Metro station in Paris, France

Malesherbes (/fr/) is a station on Line 3 of the Paris Métro. It is located in the 17th arrondissement of Paris.

==Location==
The station is located under Place du Général-Catroux, along the axis of Avenue de Villiers, west of its intersection with Boulevard Malesherbes. Approximately oriented along an east–west axis, it is located between Wagram and Villiers stations.

==History==
Malesherbes was opened on 23 May 1910 when the line was extended from Villiers to Pereire. The station is named after the Boulevard Malesherbes, which honours the statesman Guillaume-Chrétien de Lamoignon de Malesherbes, who was guillotined during the Reign of Terror in 1794.

As part of the RATP Renouveau du métro program, the station corridors and platform lighting were renovated in the 2000s.

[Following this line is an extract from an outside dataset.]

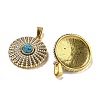 Synthetic Turquoise Pendants STAS-U024-16G-01-2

In 2018, it saw 2,628,908 travelers enter the station, which placed it in the 212th position out 302 metro stations for its traffic.

==Passenger services==
===Access===
The station has two entrances:
- Entrance 1: "Place du Général-Catroux", consisting of a fixed staircase, leading to the right of no. 15 of this place;
- Entrance 2: "Avenue de Villiers", consisting of an escalator allowing only an exit, located opposite no. 40 of this avenue.

===Station layout===
| Street Level |
| B1 | Mezzanine |
| Line 3 platforms | Side platform, doors will open on the right |
| Westbound | ← toward Pont de Levallois–Bécon (Wagram) |
| Eastbound | toward Gallieni (Villiers) → |
Side platform, doors will open on the right

===Platforms===
Malesherbes is a standard configuration station. It has two platforms separated by the metro tracks and the vault is elliptical. The decoration is in the style used for most metro stations, the lighting strips are white and rounded in the Gaudin style of the metro revival in the 2000s, and the bevelled white ceramic tiles cover the pillars, the tunnel exits as well as the outlets of the corridors, while the vault is painted white. The advertising frames are metallic, and the name of the station is written in Parisine font on enamelled plates. The platforms are equipped with benches made of wooden slats painted dark green.

===Bus connections===
The station is served by lines 20, 93 of the RATP Bus Network, and, at night, by lines N16 and N52 of the Noctilien network.